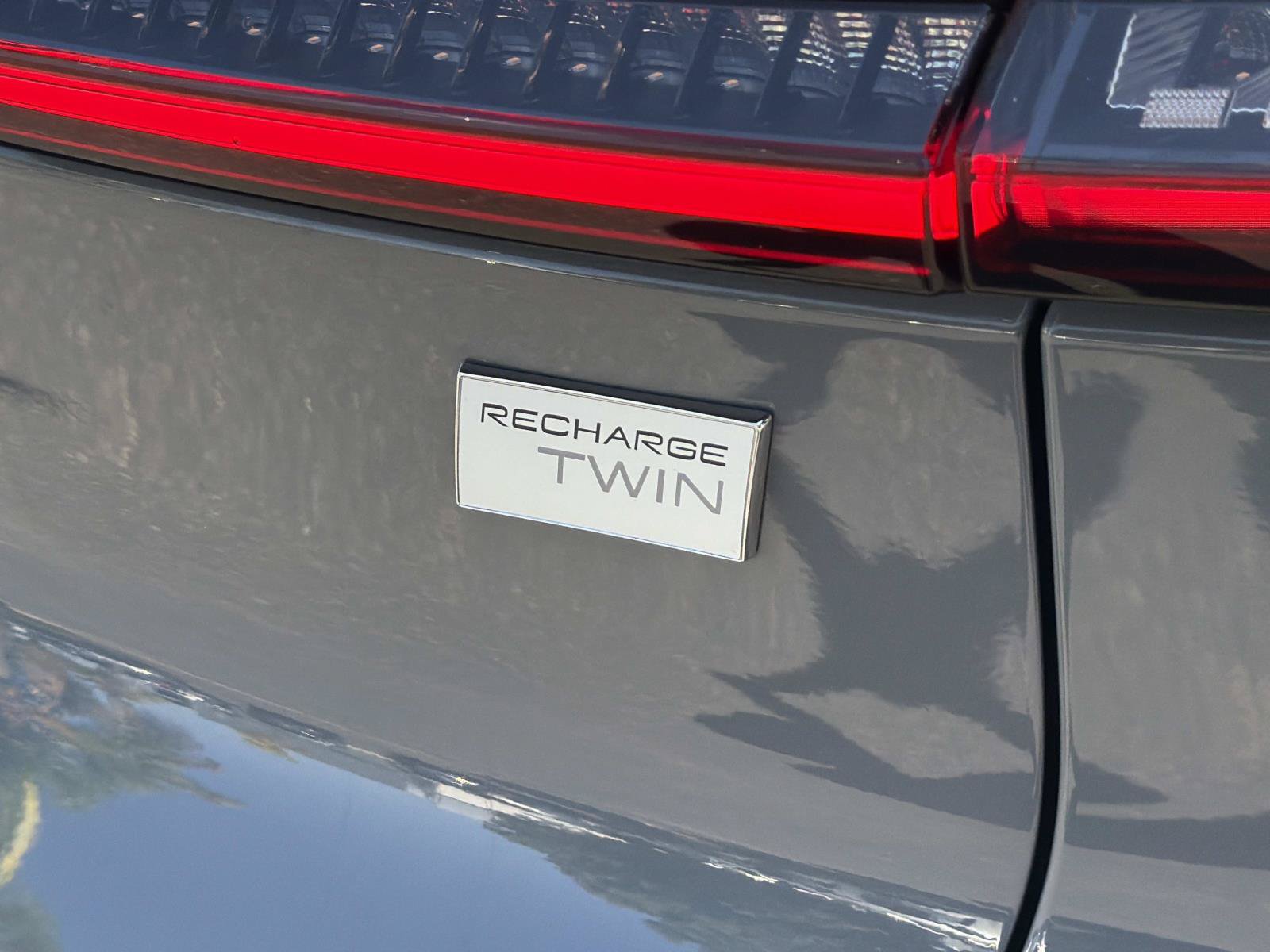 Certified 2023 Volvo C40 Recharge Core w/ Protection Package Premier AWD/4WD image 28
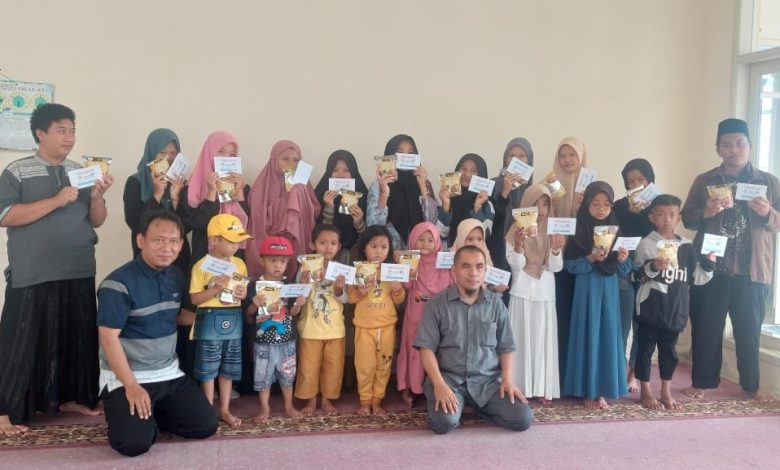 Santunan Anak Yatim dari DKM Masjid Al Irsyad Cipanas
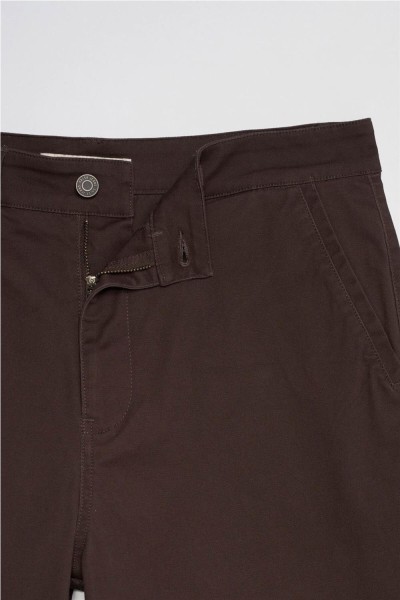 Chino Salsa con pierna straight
______________________________
» **TASK BRIEF**
The lines wanted run from the one with "Santunan Anak Yatim" through the final line of the data; repeat them word for word and skip every picture.

» **SOLUTION TO THE EXERCISE**
 Santunan Anak Yatim dari DKM Masjid Al Irsyad Cipanas
 Chino Salsa con pierna straight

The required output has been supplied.